- ENTRIES SUPPLIED:
++++++++++

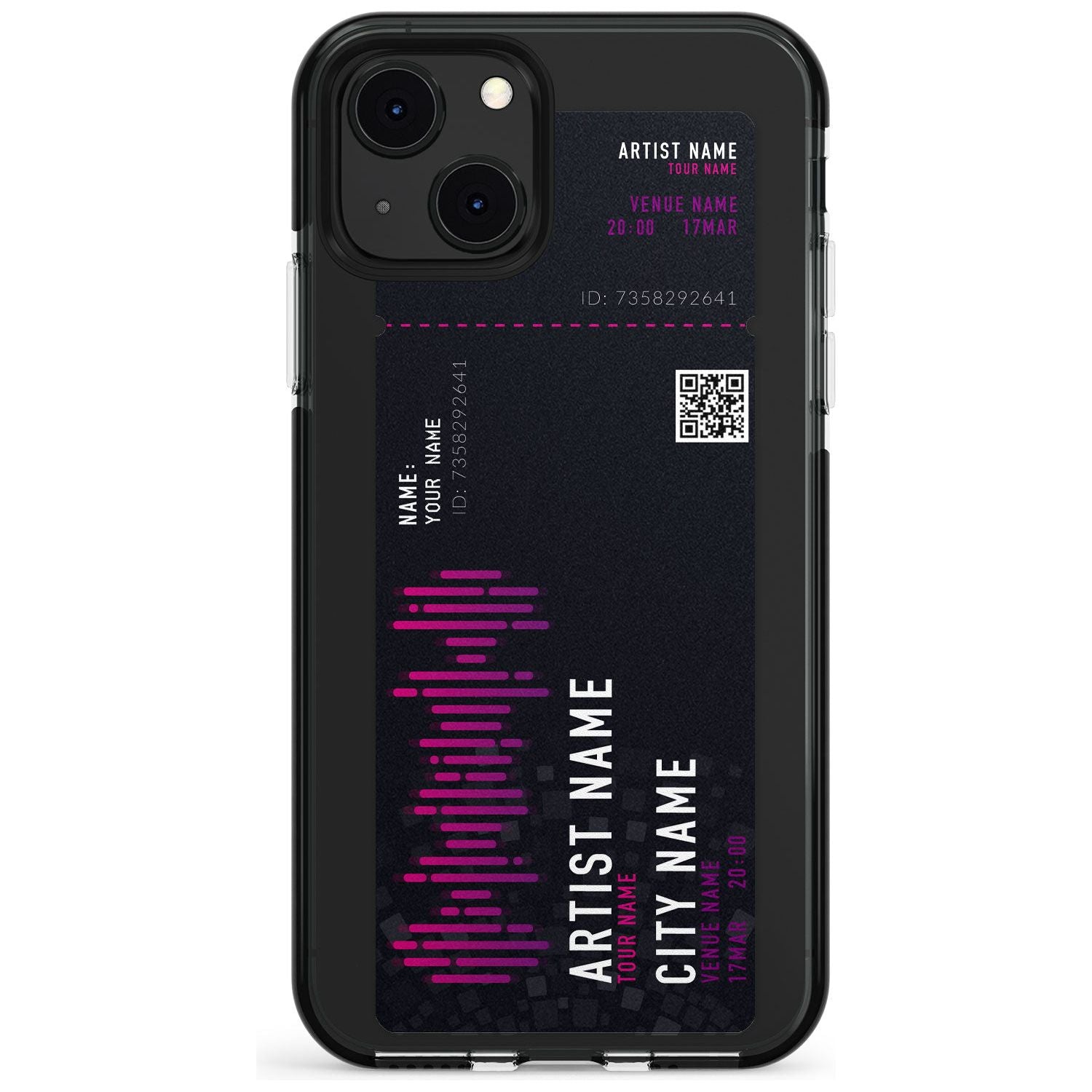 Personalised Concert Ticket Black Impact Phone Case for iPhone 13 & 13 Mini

++++++++++

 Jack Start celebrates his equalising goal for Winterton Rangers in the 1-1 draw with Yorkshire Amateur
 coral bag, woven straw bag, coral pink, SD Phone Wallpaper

++++++++++

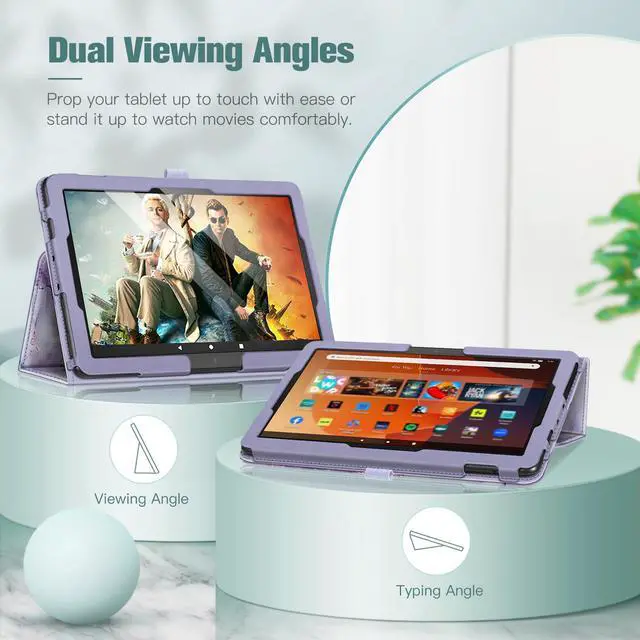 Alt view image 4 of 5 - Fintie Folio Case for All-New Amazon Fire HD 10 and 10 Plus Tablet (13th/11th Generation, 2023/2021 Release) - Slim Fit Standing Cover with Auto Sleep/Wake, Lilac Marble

++++++++++

- TASK PROMPT:
The response should hold exactly the lines starting at the line with "Jack Start celebrates" and ending at the line with "coral bag, woven", and no other line of the material above.

- REPLY:
 Jack Start celebrates his equalising goal for Winterton Rangers in the 1-1 draw with Yorkshire Amateur
 coral bag, woven straw bag, coral pink, SD Phone Wallpaper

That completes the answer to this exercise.